CHICKEN AND BROWN RICE STIR-FRY
Chicken and Brown Rice Stir-Fry is a simple yet delicious dish that brings together tender chicken, hearty brown rice and crisp vegetables in a light soy sauce and sesame oil glaze. This high-protein meal is packed with nutrients, offering a satisfying balance of lean protein, fibre-rich whole grains and vibrant veggies. Ideal for a quick weeknight dinner or meal prep, this stir-fry is both flavourful and easy to make. The garlic enhances the dish with a savoury aroma, while the sesame oil adds a hint of nuttiness. Brown rice serves as a wholesome base, making this meal filling yet nutritious. Whether enjoyed on its own or paired with a fresh salad or soup, this stir-fry is a fantastic way to enjoy a healthy and balanced meal without spending too much time in the kitchen.
RECIPE CATEGORY
Lunch, Dinner, Entrée
SERVING SIZE
1
CUISINE
Asian, Chinese
PREPARATION/TECHNIQUES
Stir-Fry, Sauté, One-Pot Wonders
OCCASION/HOLIDAY
Weeknight Dinner, Meal Prep, Family Gathering, Light Lunch
SPECIAL CONSIDERATION/DIETARY CONCERNS
Healthy, High Protein, Low Fat, Quick & Easy, Gluten-Free Option
DISH TYPE
Rice Dish, Stir-Fry
INGREDIENTS
The following are the ingredients we need to prepare the chicken and brown rice stir-fry.

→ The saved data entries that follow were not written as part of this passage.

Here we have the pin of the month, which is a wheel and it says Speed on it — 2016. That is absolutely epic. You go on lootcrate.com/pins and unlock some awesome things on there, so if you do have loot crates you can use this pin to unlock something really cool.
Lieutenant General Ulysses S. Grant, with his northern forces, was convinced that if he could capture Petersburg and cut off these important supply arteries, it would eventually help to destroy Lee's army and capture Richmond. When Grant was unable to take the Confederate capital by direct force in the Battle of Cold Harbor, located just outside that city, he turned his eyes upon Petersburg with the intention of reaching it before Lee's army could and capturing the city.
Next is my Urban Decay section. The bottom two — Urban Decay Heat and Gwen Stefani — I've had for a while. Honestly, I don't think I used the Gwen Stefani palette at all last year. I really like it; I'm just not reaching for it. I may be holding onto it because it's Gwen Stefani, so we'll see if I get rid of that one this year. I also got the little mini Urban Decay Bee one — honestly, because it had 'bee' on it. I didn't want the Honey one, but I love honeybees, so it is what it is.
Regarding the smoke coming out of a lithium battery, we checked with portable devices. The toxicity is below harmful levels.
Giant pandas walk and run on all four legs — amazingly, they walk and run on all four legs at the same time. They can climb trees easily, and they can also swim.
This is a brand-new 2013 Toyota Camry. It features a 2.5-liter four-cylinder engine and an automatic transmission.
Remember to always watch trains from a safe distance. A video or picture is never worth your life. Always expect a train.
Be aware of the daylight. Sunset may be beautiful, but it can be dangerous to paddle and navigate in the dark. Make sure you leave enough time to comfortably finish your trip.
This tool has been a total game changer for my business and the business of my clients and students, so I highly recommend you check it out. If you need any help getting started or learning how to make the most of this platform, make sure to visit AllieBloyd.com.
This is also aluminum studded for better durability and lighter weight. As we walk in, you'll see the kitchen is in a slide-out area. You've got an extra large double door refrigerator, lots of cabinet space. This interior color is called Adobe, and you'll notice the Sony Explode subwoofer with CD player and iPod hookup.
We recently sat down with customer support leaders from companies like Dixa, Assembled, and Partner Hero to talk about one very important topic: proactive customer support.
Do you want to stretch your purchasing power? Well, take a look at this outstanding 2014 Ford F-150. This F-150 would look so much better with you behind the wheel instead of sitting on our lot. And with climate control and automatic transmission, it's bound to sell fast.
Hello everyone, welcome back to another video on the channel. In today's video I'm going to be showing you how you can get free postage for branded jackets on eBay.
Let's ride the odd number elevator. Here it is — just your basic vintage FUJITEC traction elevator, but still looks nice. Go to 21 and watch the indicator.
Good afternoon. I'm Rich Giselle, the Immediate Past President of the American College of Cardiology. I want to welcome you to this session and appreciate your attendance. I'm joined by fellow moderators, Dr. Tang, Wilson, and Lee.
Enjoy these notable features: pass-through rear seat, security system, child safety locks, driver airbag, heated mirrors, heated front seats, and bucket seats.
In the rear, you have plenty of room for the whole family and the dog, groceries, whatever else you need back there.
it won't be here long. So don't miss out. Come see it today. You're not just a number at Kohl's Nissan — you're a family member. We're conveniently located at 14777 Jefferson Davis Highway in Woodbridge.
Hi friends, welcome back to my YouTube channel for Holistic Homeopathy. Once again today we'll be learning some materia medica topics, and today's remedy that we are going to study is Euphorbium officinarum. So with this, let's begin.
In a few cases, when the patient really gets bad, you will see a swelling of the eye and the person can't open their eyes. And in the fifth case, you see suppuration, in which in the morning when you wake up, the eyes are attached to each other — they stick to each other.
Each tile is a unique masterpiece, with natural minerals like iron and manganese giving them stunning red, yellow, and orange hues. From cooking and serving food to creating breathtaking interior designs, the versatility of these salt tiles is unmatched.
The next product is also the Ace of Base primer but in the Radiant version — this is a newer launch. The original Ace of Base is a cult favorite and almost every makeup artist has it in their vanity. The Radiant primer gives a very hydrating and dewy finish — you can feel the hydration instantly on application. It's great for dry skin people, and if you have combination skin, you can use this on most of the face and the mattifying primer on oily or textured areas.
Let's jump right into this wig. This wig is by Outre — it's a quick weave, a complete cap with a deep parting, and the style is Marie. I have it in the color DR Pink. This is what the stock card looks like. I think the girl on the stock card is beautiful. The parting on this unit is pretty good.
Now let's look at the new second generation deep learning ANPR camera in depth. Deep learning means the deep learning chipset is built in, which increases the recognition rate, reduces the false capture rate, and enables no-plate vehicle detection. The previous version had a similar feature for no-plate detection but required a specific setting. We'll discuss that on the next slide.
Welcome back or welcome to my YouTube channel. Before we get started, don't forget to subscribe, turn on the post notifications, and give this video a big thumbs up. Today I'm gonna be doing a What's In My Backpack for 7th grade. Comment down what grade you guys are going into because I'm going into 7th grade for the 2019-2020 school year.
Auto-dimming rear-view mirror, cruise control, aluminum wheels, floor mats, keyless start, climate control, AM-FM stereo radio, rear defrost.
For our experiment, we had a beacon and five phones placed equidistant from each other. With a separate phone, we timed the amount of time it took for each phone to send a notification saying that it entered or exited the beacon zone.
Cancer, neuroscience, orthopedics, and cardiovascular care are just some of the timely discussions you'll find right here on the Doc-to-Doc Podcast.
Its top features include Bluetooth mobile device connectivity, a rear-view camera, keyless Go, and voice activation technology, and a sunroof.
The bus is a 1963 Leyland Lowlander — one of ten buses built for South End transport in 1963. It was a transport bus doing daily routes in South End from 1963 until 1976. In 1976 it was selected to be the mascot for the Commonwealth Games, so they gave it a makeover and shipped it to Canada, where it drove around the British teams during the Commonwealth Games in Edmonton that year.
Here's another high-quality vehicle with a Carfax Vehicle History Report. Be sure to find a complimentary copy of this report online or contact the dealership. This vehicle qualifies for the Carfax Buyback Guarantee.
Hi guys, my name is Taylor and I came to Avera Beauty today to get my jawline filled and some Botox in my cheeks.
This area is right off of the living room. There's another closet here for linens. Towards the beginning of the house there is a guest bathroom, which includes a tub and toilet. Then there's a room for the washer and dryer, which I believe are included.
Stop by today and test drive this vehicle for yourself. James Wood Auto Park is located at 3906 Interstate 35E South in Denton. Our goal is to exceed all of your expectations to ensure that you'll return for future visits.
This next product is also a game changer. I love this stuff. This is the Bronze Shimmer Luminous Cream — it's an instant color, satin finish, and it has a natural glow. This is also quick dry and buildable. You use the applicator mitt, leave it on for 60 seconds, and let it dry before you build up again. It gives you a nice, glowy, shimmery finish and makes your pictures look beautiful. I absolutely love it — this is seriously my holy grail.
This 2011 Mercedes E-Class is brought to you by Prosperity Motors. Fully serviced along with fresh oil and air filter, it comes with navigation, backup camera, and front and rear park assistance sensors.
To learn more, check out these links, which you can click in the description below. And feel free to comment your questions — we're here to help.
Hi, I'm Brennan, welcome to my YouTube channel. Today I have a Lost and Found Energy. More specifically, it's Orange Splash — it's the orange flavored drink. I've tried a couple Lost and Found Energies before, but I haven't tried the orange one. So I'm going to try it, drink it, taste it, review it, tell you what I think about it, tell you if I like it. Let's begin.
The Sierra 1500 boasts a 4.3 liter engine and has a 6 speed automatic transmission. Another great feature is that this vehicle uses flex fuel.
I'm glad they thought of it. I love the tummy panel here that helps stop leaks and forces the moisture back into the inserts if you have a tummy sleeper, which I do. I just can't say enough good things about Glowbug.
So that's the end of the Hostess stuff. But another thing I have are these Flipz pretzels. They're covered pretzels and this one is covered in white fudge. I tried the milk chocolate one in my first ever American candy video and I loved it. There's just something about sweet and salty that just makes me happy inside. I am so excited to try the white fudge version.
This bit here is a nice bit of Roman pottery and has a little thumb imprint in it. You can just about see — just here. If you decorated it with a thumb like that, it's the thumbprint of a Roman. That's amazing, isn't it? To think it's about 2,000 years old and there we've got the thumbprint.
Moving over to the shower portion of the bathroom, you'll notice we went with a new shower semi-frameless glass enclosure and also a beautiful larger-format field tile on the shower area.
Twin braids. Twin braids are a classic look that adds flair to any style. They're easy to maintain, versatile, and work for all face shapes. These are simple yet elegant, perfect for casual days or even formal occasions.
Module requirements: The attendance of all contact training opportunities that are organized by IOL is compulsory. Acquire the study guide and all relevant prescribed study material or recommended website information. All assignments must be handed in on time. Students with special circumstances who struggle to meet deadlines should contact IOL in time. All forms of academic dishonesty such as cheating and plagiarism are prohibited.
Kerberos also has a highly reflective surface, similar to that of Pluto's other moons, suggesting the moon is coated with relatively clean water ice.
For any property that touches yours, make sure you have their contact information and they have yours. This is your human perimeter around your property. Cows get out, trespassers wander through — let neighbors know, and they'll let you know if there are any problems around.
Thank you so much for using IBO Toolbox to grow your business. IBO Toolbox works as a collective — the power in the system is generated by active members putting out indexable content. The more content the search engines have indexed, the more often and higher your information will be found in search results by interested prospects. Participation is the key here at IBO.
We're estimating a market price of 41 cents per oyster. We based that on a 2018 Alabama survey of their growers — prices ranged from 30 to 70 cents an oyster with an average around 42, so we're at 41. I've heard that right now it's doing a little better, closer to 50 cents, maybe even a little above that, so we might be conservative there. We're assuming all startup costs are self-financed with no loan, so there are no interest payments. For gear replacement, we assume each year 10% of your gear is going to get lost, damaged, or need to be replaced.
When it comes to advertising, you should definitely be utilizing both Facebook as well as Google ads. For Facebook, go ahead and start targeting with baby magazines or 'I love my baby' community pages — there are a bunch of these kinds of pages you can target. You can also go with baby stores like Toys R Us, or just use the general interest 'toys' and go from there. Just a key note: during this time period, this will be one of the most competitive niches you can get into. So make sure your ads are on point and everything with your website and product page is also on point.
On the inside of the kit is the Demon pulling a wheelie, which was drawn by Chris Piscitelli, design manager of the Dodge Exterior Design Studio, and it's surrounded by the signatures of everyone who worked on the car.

- 100g cooked chicken breast, sliced
- 50g cooked brown rice
- ¼ carrot, julienned
- ¼ bell pepper, sliced
- 1 tsp soy sauce (low sodium)
- ½ tsp sesame oil
- 1 clove garlic, minced
FULL NUTRITIONAL INFORMATION (PER SERVING)
- Calories: 320
- Protein: 35g
- Carbohydrates: 30g
- Fibre: 4g
- Fat: 6g
- Saturated Fat: 1g
- Sodium: 220mg
- Sugar: 3g
PREPARATION
Here is a step-by-step guide to preparing the chicken and brown rice stir-fry.
- Prepare The Ingredients: Cook and slice the chicken breast, julienne the carrot and cut the bell pepper. Mince the garlic.
- Heat The Pan: In a large pan or wok, heat the sesame oil over medium heat.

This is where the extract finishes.